Welcome to Bintoria, where encounters with bandits, werewolves, ogres and dragons are not uncommon. This may not be the Binghamton University you’re familiar with, but if you ask any LARPer, we live in Bintoria.
Technically, the University doesn’t become Bintoria until one is in character, but now we’re getting ahead of ourselves. The Binghamton Live Action Role Play Club fosters some of the most imaginative yet misunderstood students on campus. Who are these costumed anomalies? What are they doing with foam swords? And (for Merlin’s sake!) why are they running through the Nature Preserve?
Upon initiation into LARP, each member constructs their own character. A character is a complex entity formulated with a distinct personality, strengths, weaknesses, special powers, backstory and personal motivation to act in certain ways. Character development is a crucial aspect of LARPing.
“It’s so unlike school that it allows you to just let everything go,” said Anne O’Reilly, president of LARP. “It’s an amazing stress relief.”
LARP meetings can take many forms. There are battle games, feasts and weapon workshops. Most meetings are quests, the preponderance of LARP excitement. A quest is structured like a classic fantasy plot, not quite “Harry Potter” or “Lord of the Rings,” but more similar to a classic fairy tale. There are three roles in a quest: reaves, NPCs (non-playing characters) and PCs (playing characters). The reaves volunteer to write a story line and make judgement calls during the quest, acting as both referee and God. The NPCs take on a novel role for the quest by congregating and coordinating their function in the storyline. Roles can include townspeople, evil fairies or marauders. Everyone else performs as the playing characters they invented upon joining LARP.

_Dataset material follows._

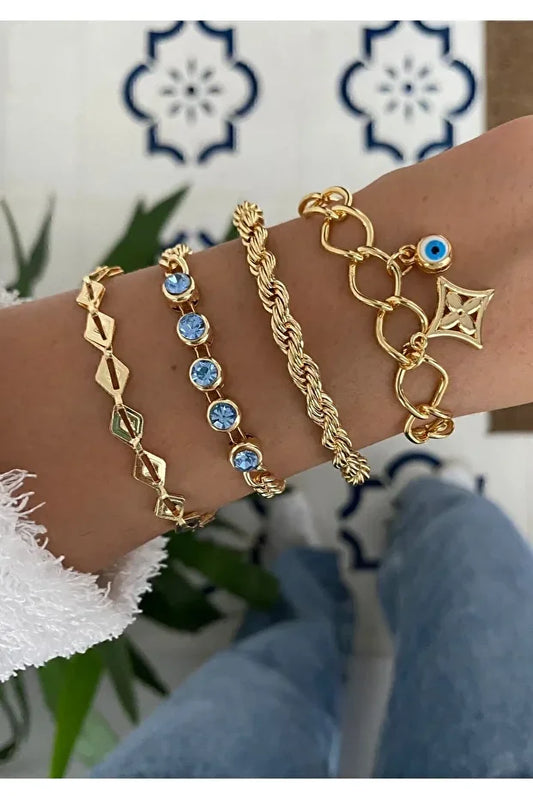 Pearl Bracelet Set Layered Stackable Boho Bracelet Fashion Jewelry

During the quest, PCs have the opportunity to gain personal strengths, bond with other characters and develop. Characters can gain new abilities and spells as well as achieve a greater sense of self.
The plot of one quest involved PCs who were given the mission to capture a destructive group of bandits in the faraway land of Auir. The PCs were transported from Bintoria via enchanted bracelets. Battling wolves and fending off kidnappers, the characters exercised their skills in the Under Dark, more commonly referred to as the Tunnels Beneath Lecture Hall.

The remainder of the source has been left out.